Here in the Garden State, DWI checkpoints (or drunk driving roadblocks, by which they are also referred) are a common tool used by police departments to help decrease the number of alcohol-related traffic accidents, as well as to signal to drivers that drunk driving is in no way being tolerated any more. That said, it is still rather confusing to the general public regarding the how and why of these seemingly invasive means of generating DWI arrests.
Because the U.S. Constitution protects the public from unreasonable search and seizure, many trial lawyers find the use of sobriety roadblocks and DWI checkpoints somewhat of an affront to the basic rights afforded citizens by the Bill of Rights. Yet, despite the fundamental argument that motorist should be protected against unreasonable search or seizure by the police during a traffic stop, the Supreme Court has previously upheld the constitutionality of drunk driving checkpoints as a means for ensuring the public good.
As most any New Jersey driver is no doubt aware, anti-drunken driving enforcement in the Garden State is undertaken in a number of different ways depending on the season or circumstances. Enhanced roving drunk driving police patrols throughout counties like Hudson, Atlantic, Bergen and Middlesex are often employed before and during popular holidays such as July Fourth, Memorial Day and New Year’s. The use of DWI-DUI checkpoints and sobriety roadblocks is also thought to catch a percentage of motorists who may be inebriated behind the wheel.
Drunken driving roadblocks, which must be set up according to legal requirements established by the courts, can be found from time to time in various locations all over the state. These roadside checkpoints are usually encountered in the late evening and early morning hours on weekends. Their locations must be chosen based on the statistically high incidence of drunken driving in the particular area where they are erected.
The legal requirements regarding placement of a checkpoint has to do with two main points. The first is that law enforcement officials must be able to show that statistical data demonstrates that the particular stretch of roadway on which the roadblock is sited is a prime location for drunk driving incidents.
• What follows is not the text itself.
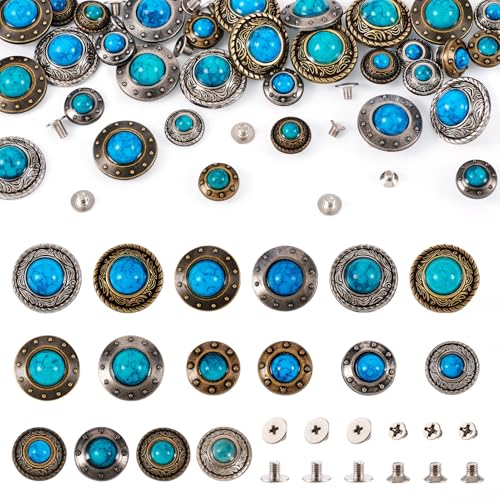 Craftdady 32 Stück flache runde Legierung Münze Schraubverschluss Nieten mit Türkisimitat Vintage Metallschnalle halbrunde Legierung Knöpfe 12-20 mm für Kleidung, Tasche, Schuhe, Lederhandwerk von Craftdady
Second, the police must provide the public with advance notice of any roadblock scheduled for an area. With regard to the latter, the courts have required state, county and municipal law enforcement authorities to publish the locations, dates and times of future sobriety roadblocks.
Regardless of the advance notice, it is a certainty that most any sobriety checkpoint will eventually catch one or more motorists who may be legally intoxicated. Police officers at one such DWI roadblock in Berkeley Twp., NJ, arrested and charged four individuals with operating a motor vehicle while under the influence of alcohol during Labor Day weekend last September.
Of those stopped at that Ocean County roadside checkpoint along a portion of Rte 9 near the township’s recreation center, three people were charged with DWI, while one driver was charged with possession of marijuana (less than 50g). Three others were stopped and arrested on outstanding warrants. Police ended up impounding three cars in accordance with “John’s Law” and issued some additional citations for other traffic or motor vehicle violations, of which three drivers were found to have been driving an unregistered motor vehicle.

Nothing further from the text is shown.